MATERIAL PROVIDED:

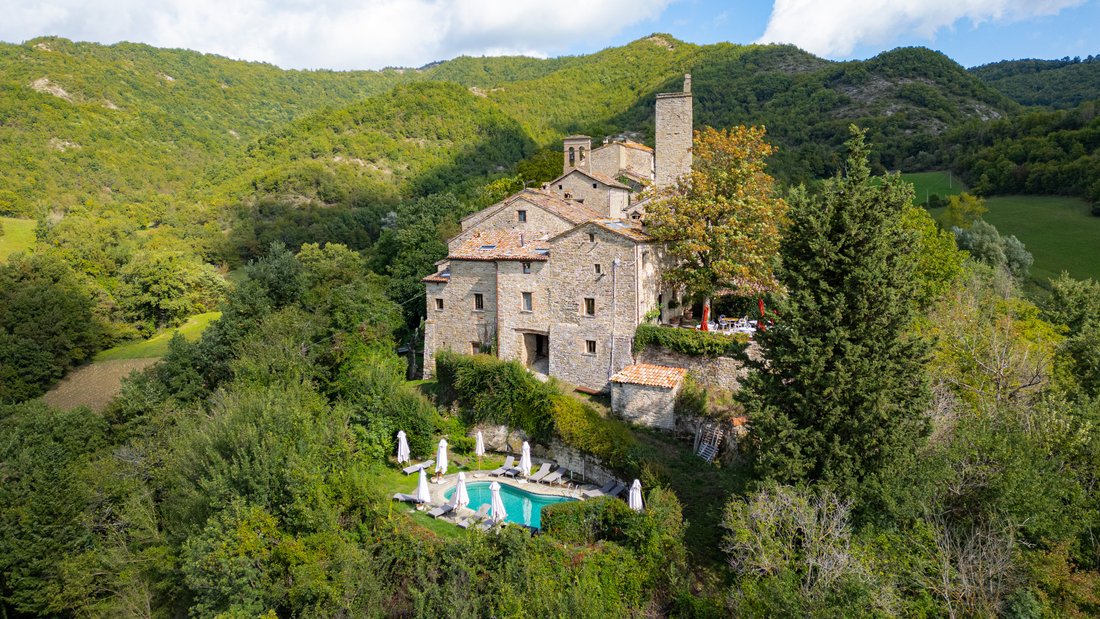 Whispers of the 12th Century: A Castle-Hamlet’s Timeless Embrace in Le Marche’s Emerald Hills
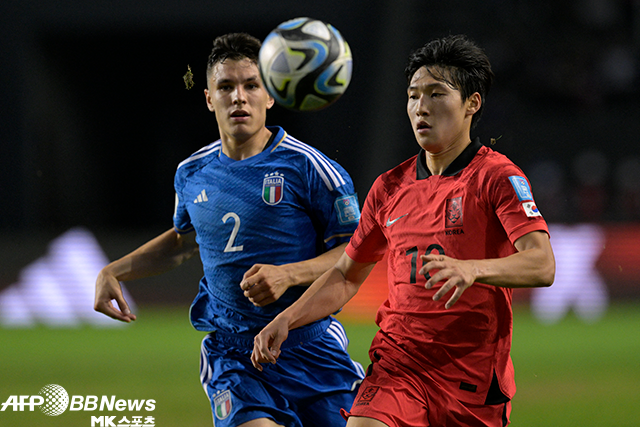 배준호(오른쪽)가 이탈리아와 2023 FIFA U-20 월드컵 4강전에서 마티아 차노티와 공을 다투고 있다. 차노티는 유럽클럽랭킹 8위 인터 밀란 선수다. 사진=AFPBBNews=News1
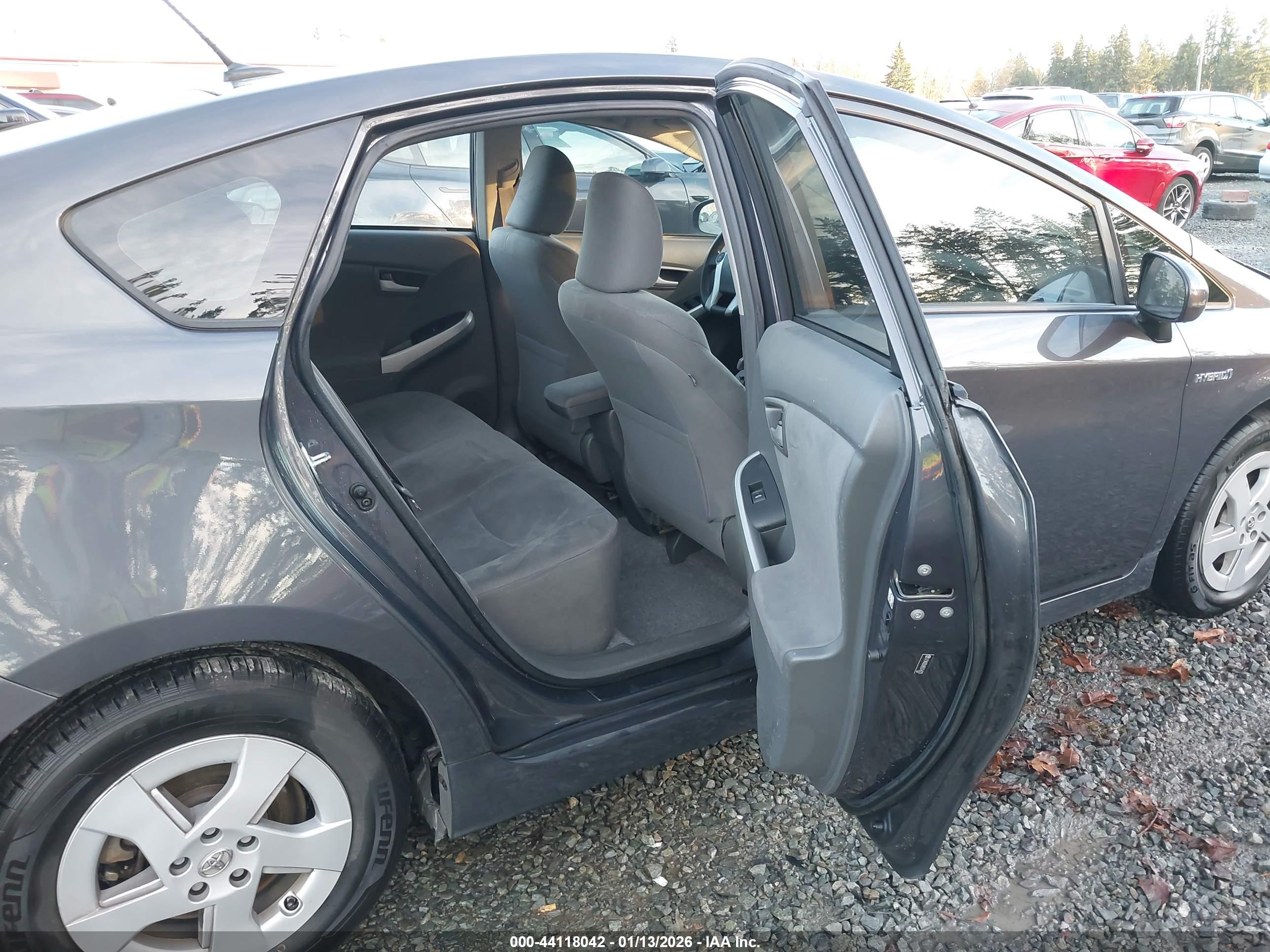 TOYOTA PRIUS image 8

ACTIVITY:
Please set down every line of the listing verbatim, excluding its pictures.

SOLUTION TO THE PROBLEM:
 Whispers of the 12th Century: A Castle-Hamlet’s Timeless Embrace in Le Marche’s Emerald Hills
 배준호(오른쪽)가 이탈리아와 2023 FIFA U-20 월드컵 4강전에서 마티아 차노티와 공을 다투고 있다. 차노티는 유럽클럽랭킹 8위 인터 밀란 선수다. 사진=AFPBBNews=News1
 TOYOTA PRIUS image 8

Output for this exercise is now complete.